JacekJagosz · 23 August 2022 23:36

This feature got merged into mainline with kernel 4.20. But maybe it got into Android kernel earlier?
Because cat /proc/pressure/memory exists on my 10 III with 4.19 kernel. Does this directory exist on your device too? Then it is indeed weird if it is not fully functional.
Could it be that lkm and lkmd are so agressive you can’t get to low enough free RAM values for PSI to detect memory pressure? After all on desktop you don’t have anything like that.
Even when I lower minfree levels the lowest available value I could see with free -m is 500MB.

karry · 24 August 2022 05:24

Yes, I have /proc/pressure on Xperia 10 II. The api allows to setup own monitoring limits, it work like that:

      const char trig[] = "some 10000 500000";
      struct pollfd fds;

      fds.fd = open("/proc/pressure/memory", O_RDWR | O_NONBLOCK);
      fds.events = POLLPRI;

      write(fds.fd, trig, strlen(trig) + 1);
      printf("waiting for events...\n");

      while (1) {
              n = poll(&fds, 1, -1);
              ...
      }

The string some 10000 500000 means that application should be notified when there is stall 10ms in 500ms watching window. But on Sailfish OS, it never return anything from poll, even when periodic watching of memory file shows stalls more than 2%.

JacekJagosz · 24 August 2022 11:18

PSI introduced in 4.20 got backported into Android’s 4.9, 4.14 and 4.19. I tried to dig through Xperia’s configuration as well as tried to see if its implementation changed in any way in newer kernel. But it seems to all be unchanged and it should work the same as on modern x86 kernels. So I have no idea why it would work different in any way.
I think it is worth looking on https://source.android.com/devices/tech/perf/lmkd code and documentation, as it is using PSI on Android kernels. So if SFOS wants to do it too, it is good idea to copy their way of polling this data.

voidanix · 25 August 2022 21:33

What must be done, other than a systemd upgrade, to enable systemd-oomd and make it functional?

I do not see lmkd as able to materialize quickly, but the former could be enabled for the Xperia 10 and onwards…

Today my screen would not turn on for 30 seconds due to the kernel OOM killer throwing lipstick under the bus along with all my 6 native apps (on 6G of RAM too…).

JacekJagosz · 25 August 2022 22:47

What you are talking about is unrelated.
MCE is informing apps that memory is almost full and the should reduce their usage as much as they can, like browser closing background tabs. And here we are discussing how it should measure memory usage/pressure.
Low memory killer is a separate thing, and SFOS devs will need to decide if they want to go with lkmd, systemd-oomd, something else or a custom solution.
But honestly I found that tuning lkm gives good enough effects, at least for me.

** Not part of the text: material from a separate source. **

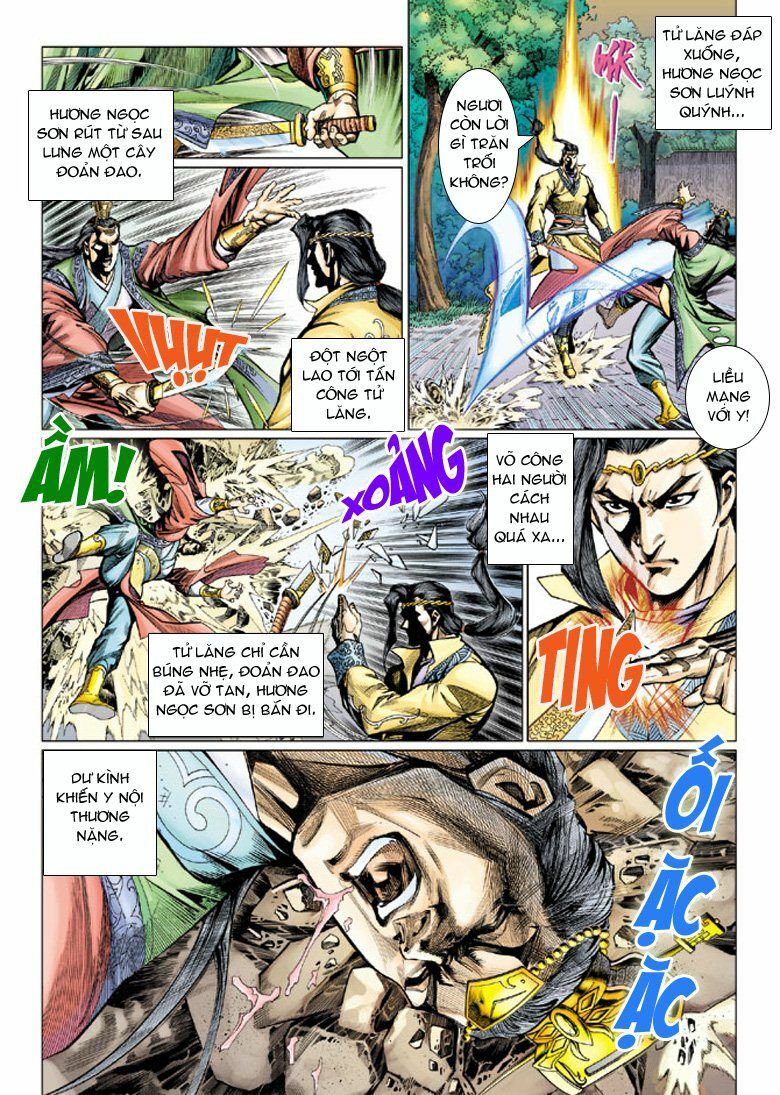 Đại Đường Song Long Truyện: Chapter 66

karry · 27 August 2022 12:35

Sorry for confusion, I was just used wrong test executable (most likely). PSI test program is working fine.

I start experimenting with PSI usage in MCE. You may watch my mempressure-psi merge request

lkraav · 2 April 2023 09:29

Mid-2023: we are waiting for Use PSI (Pressure Stall Information) api in mempressure plugin by Karry · Pull Request #14 · sailfishos/mce · GitHub to get attention, I guess?